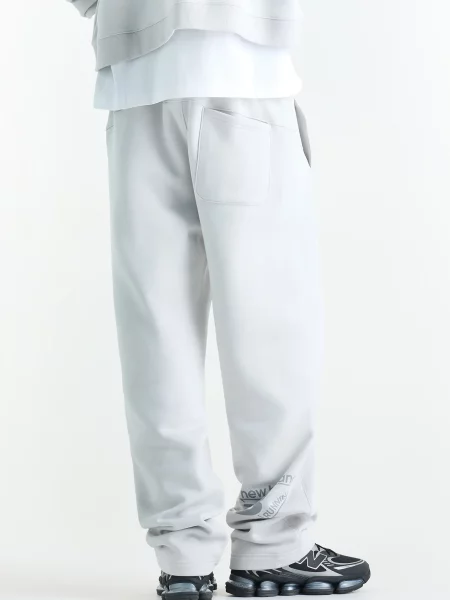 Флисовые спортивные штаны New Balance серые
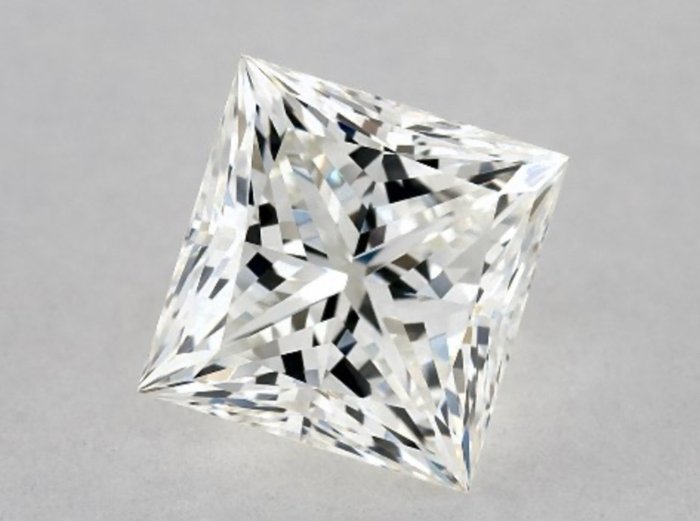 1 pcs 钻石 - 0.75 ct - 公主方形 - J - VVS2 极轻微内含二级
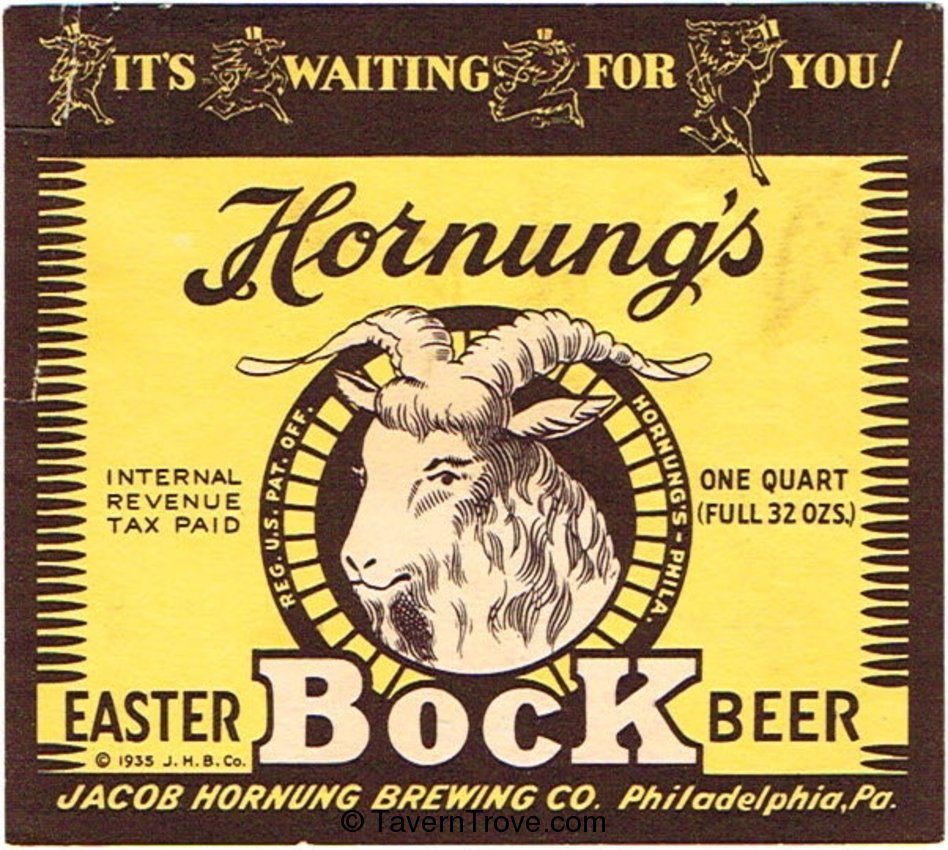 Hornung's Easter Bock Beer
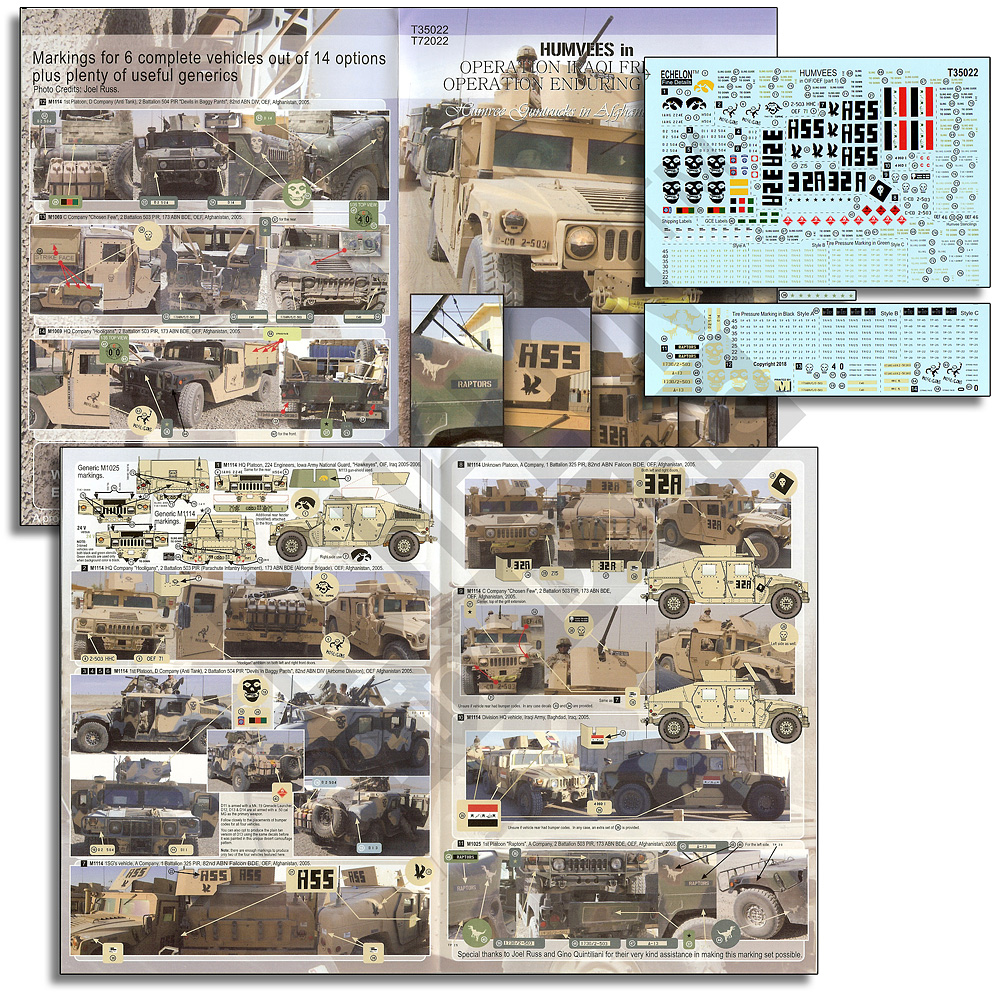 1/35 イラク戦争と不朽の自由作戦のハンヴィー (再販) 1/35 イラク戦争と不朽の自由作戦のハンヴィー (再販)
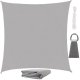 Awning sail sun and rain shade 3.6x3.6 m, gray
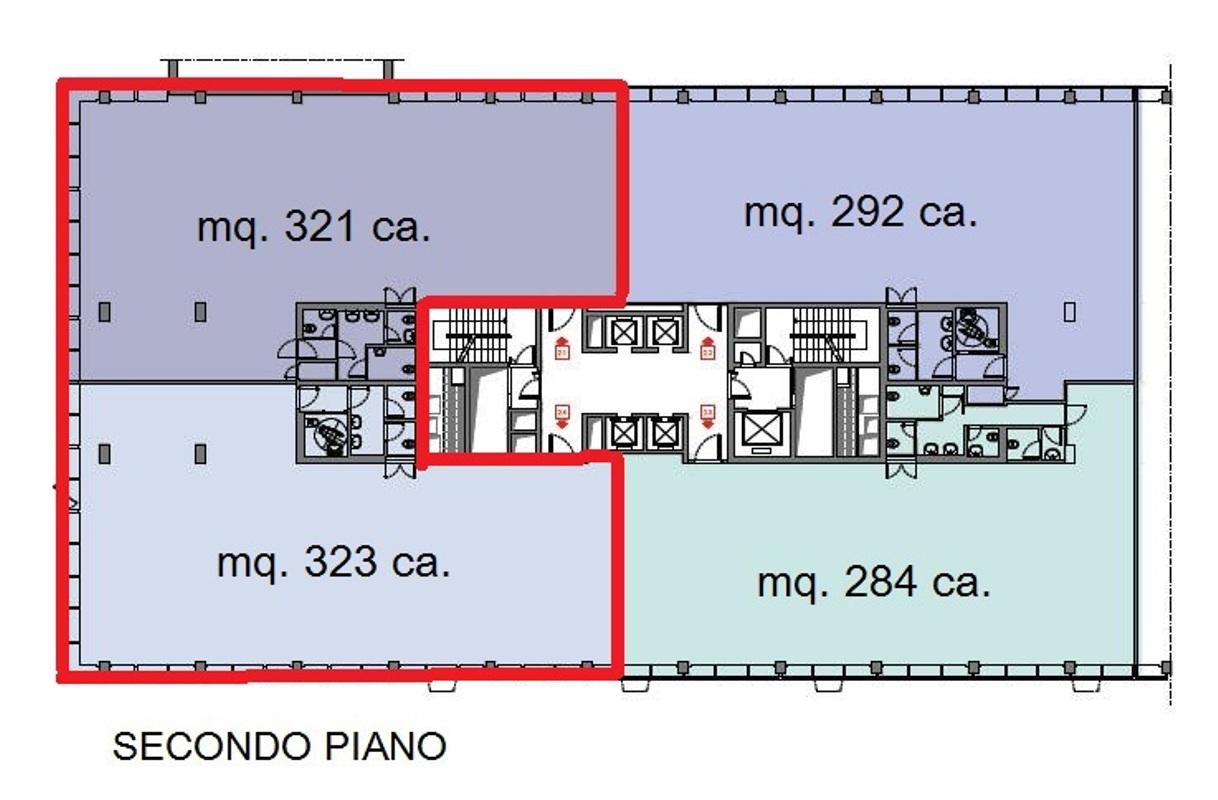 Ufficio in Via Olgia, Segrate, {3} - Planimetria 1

**Problem description:** The answer is the full listing above, reproduced character for character, minus its images.

**Output for this task:**
 Флисовые спортивные штаны New Balance серые
 1 pcs 钻石 - 0.75 ct - 公主方形 - J - VVS2 极轻微内含二级
 Hornung's Easter Bock Beer
 1/35 イラク戦争と不朽の自由作戦のハンヴィー (再販) 1/35 イラク戦争と不朽の自由作戦のハンヴィー (再販)
 Awning sail sun and rain shade 3.6x3.6 m, gray
 Ufficio in Via Olgia, Segrate, {3} - Planimetria 1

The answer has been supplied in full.